(Disclaimer: this post is long, but our house deserves it.)
I still remember the day we came home from our honeymoon with tanned faces and full, happy hearts. We excitedly put away new dishes and towels, filling up cabinets and drawers with wedding gifts. I made room for Brett in the closet, generously offering 1/8 of the space I had occupied during the nine months I lived here alone while attending UC Davis.
This was our first home.
This is where we learned the weird things that you can only know about a person after living with them, like how Brett always gets water in the toothpaste cap and how I never replace the toilet paper roll. It was here in this house that we learned how to be married, for better and for worse and everything in between. This is where we kissed against the kitchen cabinets and threw socks at each other from across the bed, laughing till we cried on the carpet floor over something I’ve now forgotten.
It was here in this house that we learned how to manage our expectations and priorities, balance our finances and goals, communicate openly and honestly, and love each other well.
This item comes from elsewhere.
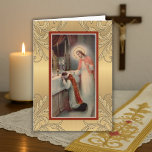 Catholic Priest Anniversary Ordination Crucifix Card<br><div class="desc">Celebrate the Anniversary of Priesthood with this beautiful traditional Catholic image of a priest offering the Holy Sacrifice of the Mass with Our Lord beside Him.  All text and fonts may be modified.</div>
It was here in this house that we spent many nights curled up on the couch watching reruns of The Office, munching on popcorn with our legs tightly intertwined. This is where we talked about our hopes and dreams late at night in the darkness of our bedroom, planning for our future and discussing things like Greece and babies and retirement. This is where—early in our marriage—we created Dance Parties In The Bathroom, a tradition that will surely remain with us wherever we may go.
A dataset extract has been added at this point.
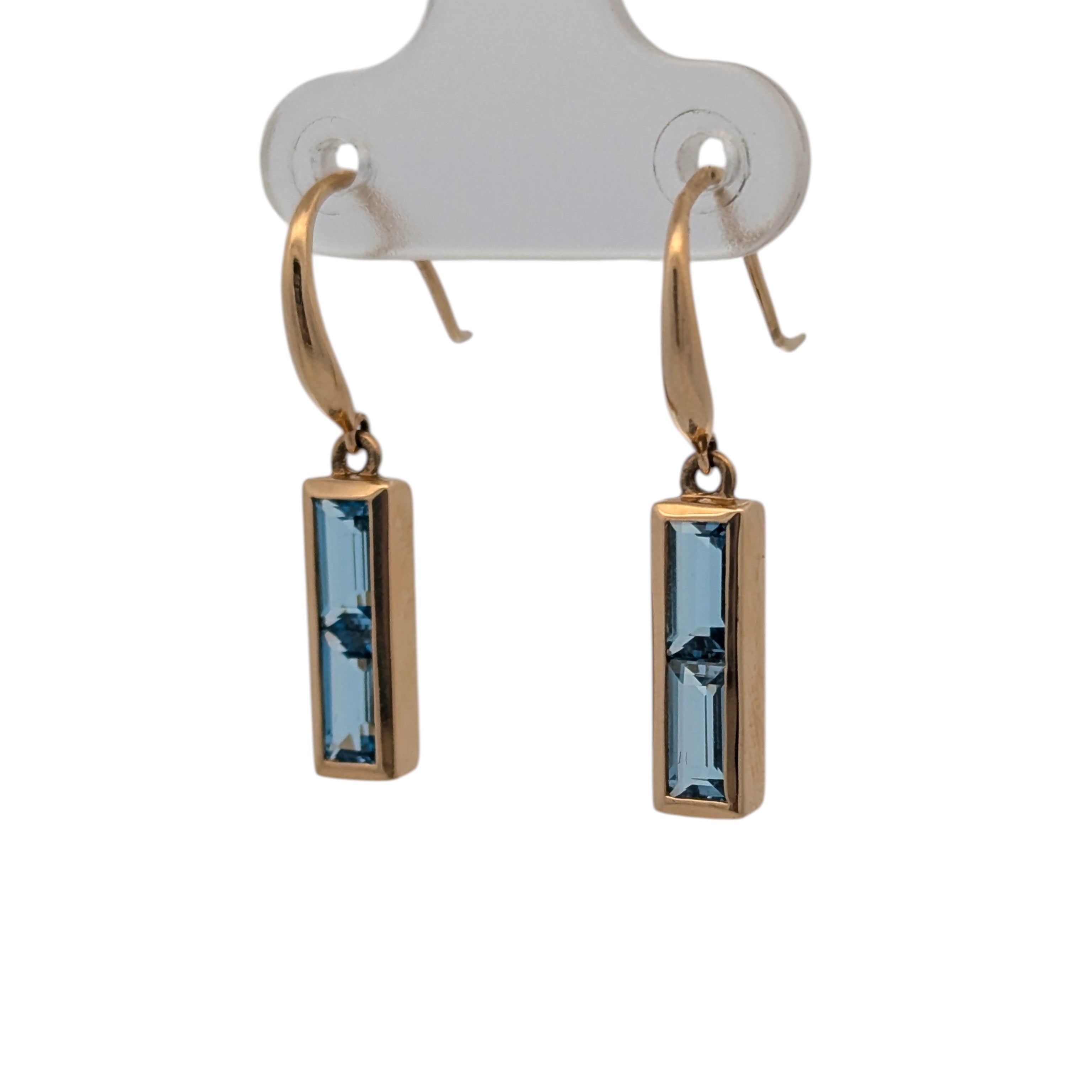 14K Yellow Gold and Topaz Earrings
It was here in this house that we stood in the kitchen and cooked meals together: spaghetti with meatballs, stir fry, turkey burgers, rosemary lemon chicken, Parmesan risotto, grilled cheese with tomato soup. We found our groove, our tastes, our standard weekly rotation. This is where I learned how to garden in our tiny backyard, reaping the fruits of my labor for the first time in the summer of 2011 in the form of fresh lettuce, carrots, squash, zucchini, and miniature strawberries. This is where we hosted our first Thanksgiving, eight of us crammed around the table bumping elbows as we passed the butter.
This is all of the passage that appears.